Убитых стали собирать позже, когда стаял снег, стаскивали их в ямы и воронки, присыпая землей. Это не были похороны, это была «очистка местности от трупов». Мертвых немцев приказано было собирать в штабеля и сжигать.
Видел я здесь и другое: замерзшие тела убитых красноармейцев немцы втыкали в сугробы ногами вверх на перекрестках дорог в качестве указателей.
Весь январь и февраль дивизии топтались у железной дороги в районе Погостье — Шала. По меньшей мере три дивизии претендовали на то, что именно они взяли Погостье и перешли железнодорожное полотно. Так это и было, но все они были выбиты обратно, а потом вновь бросались в атаку. Правда, они сохранили лишь номера и командиров, а солдаты были другие, новые, из пополнений, и они шли в атаку по телам своих предшественников.
Штаб армии находился километрах в пятнадцати в тылу. Там жили припеваючи… Лишали иллюзий комсомолок, добровольно пришедших на фронт «для борьбы с фашистскими извергами», пили коньяк, вкусно ели… В Красной армии солдаты имели один паек, офицеры же получали добавочно масло, консервы, галеты. В армейские штабы генералам привозили деликатесы: вина, балыки, колбасы и т. д. У немцев от солдата до генерала меню было одинаковое и очень хорошее. В каждой дивизии была рота колбасников, изготовлявшая различные мясные изделия. Продукты и вина везли со всех концов Европы. Правда, когда на фронте было плохо (например, под Погостьем) и немцы, и мы жрали дохлых лошадей.

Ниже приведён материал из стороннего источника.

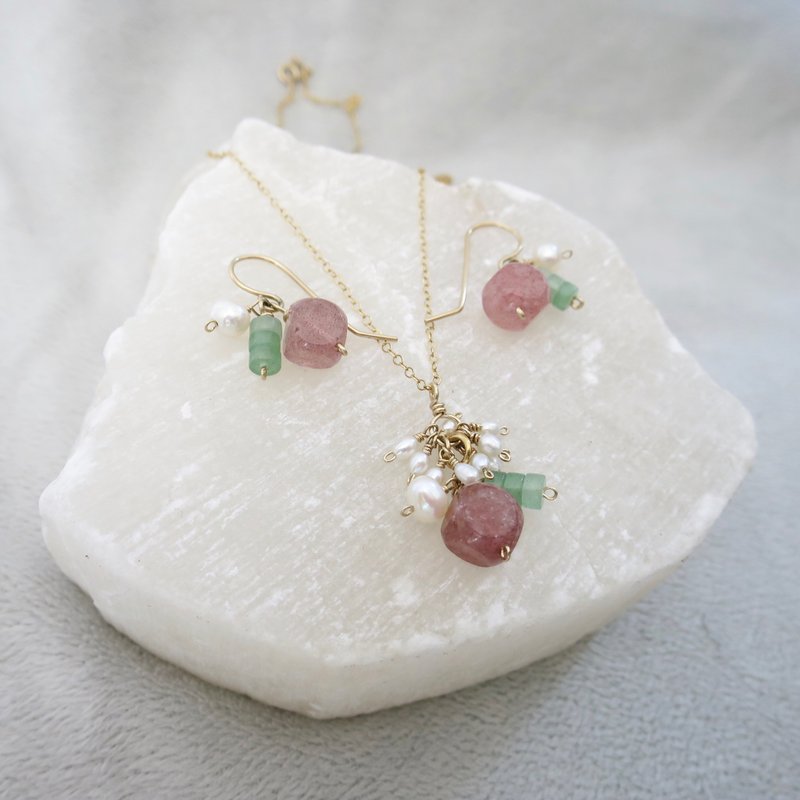 方糖草莓晶首饰 可拆式项链 配天然珍珠 东陵玉 美国进口14KGF - 项链 - 宝石 红色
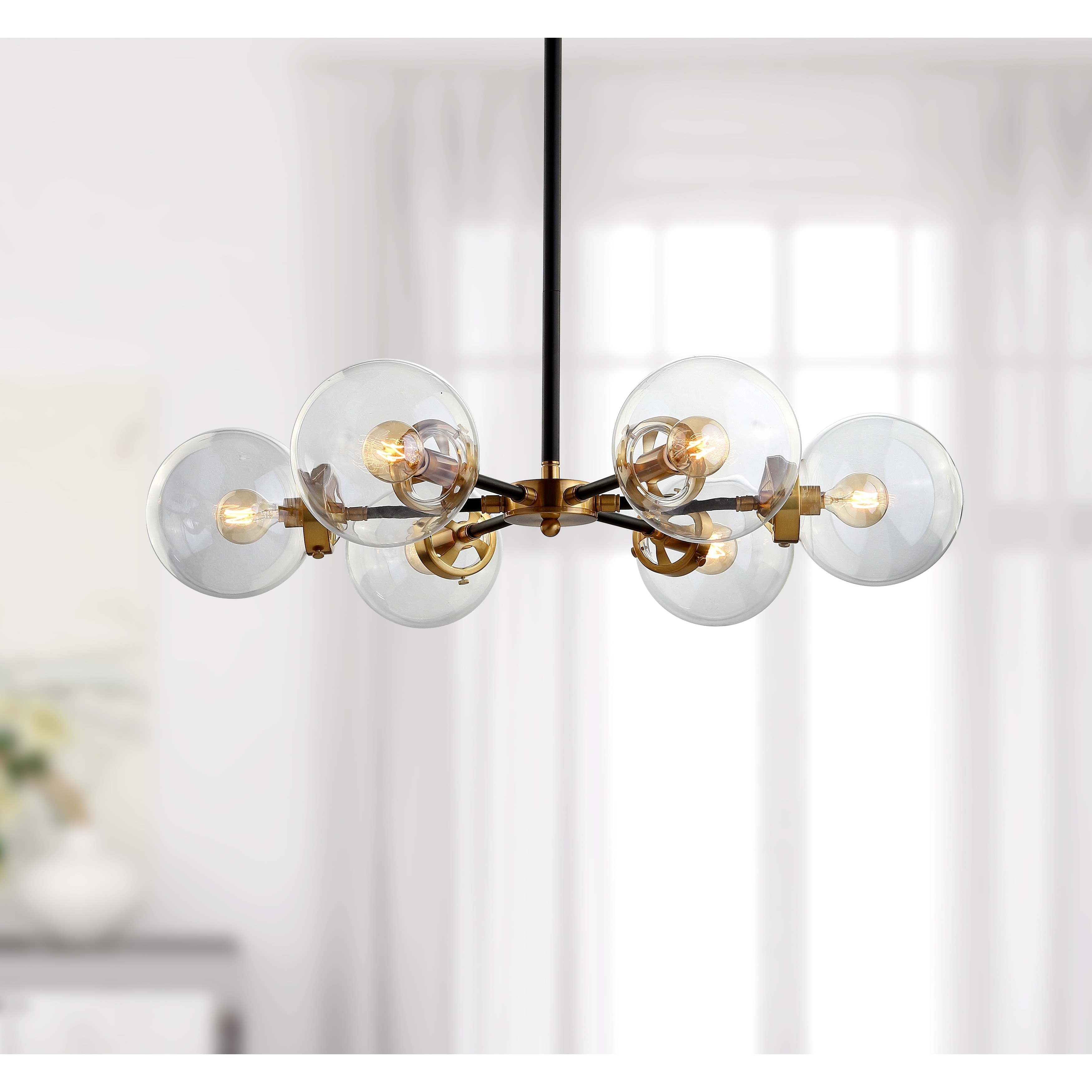 Caleb 6-Light 28" Brass Cluster Pendant, Black/Brass by JONATHAN  Y - Chandeliers For Bedrooms by Overstock.com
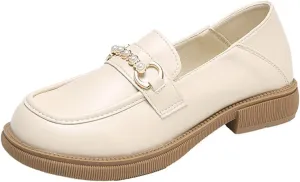 Loafers for Women Women's Low Heel Leather Casual Shoes Autumn Round Toe Comfortable Footwear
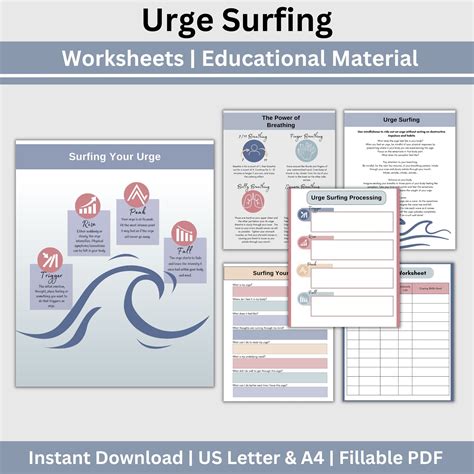 Urge Surfing Therapy Worksheets: Navigate Cravings and Foster Emotiona ...
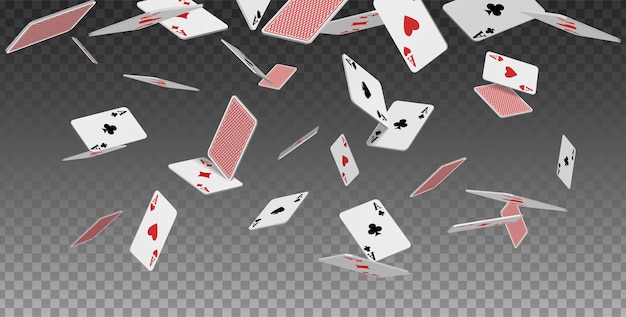 realistic vector icon Flying playing cards of aces of diamonds clubs spades and hearts on transpare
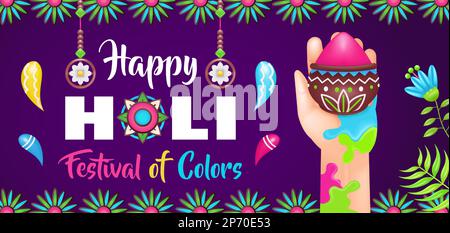 Happy Holi Festival of Colors, hand and paint colorful 3d illustration Stock Vector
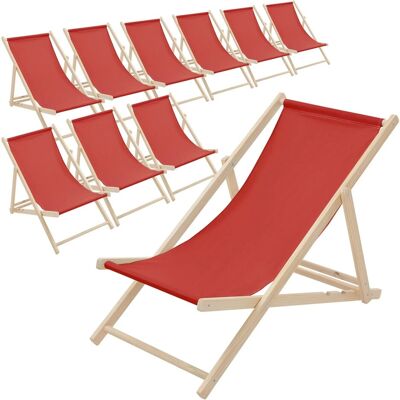 ECD Germany Liegestuhl 10Er Set Klappbar Rot aus Holz ECD Germany Liegestuhl 10Er Set Klappbar Rot aus Holz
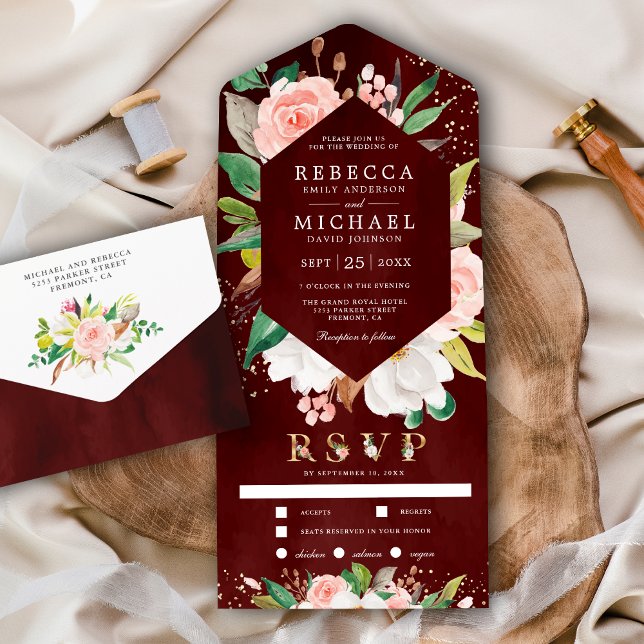 Invitación Todo En Uno White Magnolia Blush Pink Floral Burgundy Wedding (Subido por el creador)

Из штаба, по карте командовал армией генерал Федюнинский, давая дивизиям приблизительное направление наступления. Связь часто рвалась, разведка работала плохо. Полки теряли ориентировку в глухом лесу, выходили не туда, куда надо. Винтовки и автоматы нередко не стреляли из-за мороза, артиллерия била по пустому месту, а иногда и по своим. Снарядов не хватало…
Немцы знали все о передвижениях наших войск, об их составе и численности. У них была отличная авиаразведка, радиоперехват и многое другое.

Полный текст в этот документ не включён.